Deux ans et demi après « Au revoir, là-haut », Pierre Lemaitre nous revient avec un thriller psychologique. Différents de ses premiers romans, « Trois jours et une vie » met en scène un jeune garçon, Antoine, sa mère et l’ensemble de sa commune où tout le monde se côtoie, se connait et se critique. On pourrait presque se croire dans un récit d’Armel Job ou de Simenon.

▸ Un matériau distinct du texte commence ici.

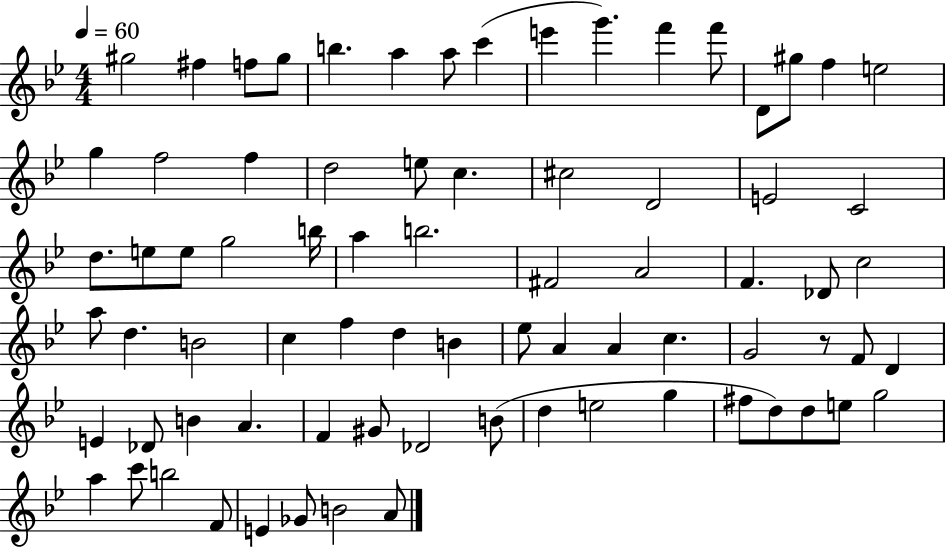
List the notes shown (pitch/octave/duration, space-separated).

Elevé par une mère divorcée qui galère pour nouer les deux bouts, Antoine, douze ans, est un jeune à fleur de peau, sensible à l’injustice et à la médiocrité de sa vie. Sa vie, elle va basculer un beau jour de décembre, suite à la mort du chien du voisin, son ami, son confident. Ce fait divers tellement insupportable va le mettre dans une colère dont il ne se serait pas cru capable. Plus rien ne sera plus jamais comme avant.
Pierre Lemaitre parvient, à partir d’une banale histoire, à tenir l’intérêt du lecteur par une succession de situations qui sèment le trouble et conduisent à un mensonge dont il devient de plus en plus difficile de s’extraire. Il nous invite dans l’univers de Beauval, une commune rurale comme tant d’autres, avec son maire, son usine en difficulté qui fait vivre toute la région, ses querelles de voisinage, ses inimitiés et ses petites bassesses mais aussi une solidarité spontanée qui nait dès que le drame survient. Cet univers clos permet à l’auteur de décrire l’atmosphère de manière très aboutie et de nous plonger dans la psychologie de ses personnages qu’ils soient adultes ou enfants. Cette ambiance particulière va perdurer à travers les trois époques décrites jusqu’au dénouement final. Ce sont les points forts du livre.
D’une écriture simple et limpide et dans son style personnel, Pierre Lemaitre nous offre un récit addictif qui se dévore d’une traite malgré le sentiment de malaise que l’on éprouve d’un bout à l’autre. On suit presque minute par minute, le jeune Antoine, ses angoisses et ses cauchemars. Sans description glauque, sans hémoglobine, ce roman parle de la vie, la vraie vie, qui peut virer au drame en quelques secondes.
J’ai apprécié cette lecture même si elle n’a pas la force de « Robe de marié » ou de « Cadres noirs ». Le sujet est simple mais son traitement est maîtrisé. On retrouve le phrasé de l’auteur, son talent de conteur et c’est un vrai plaisir.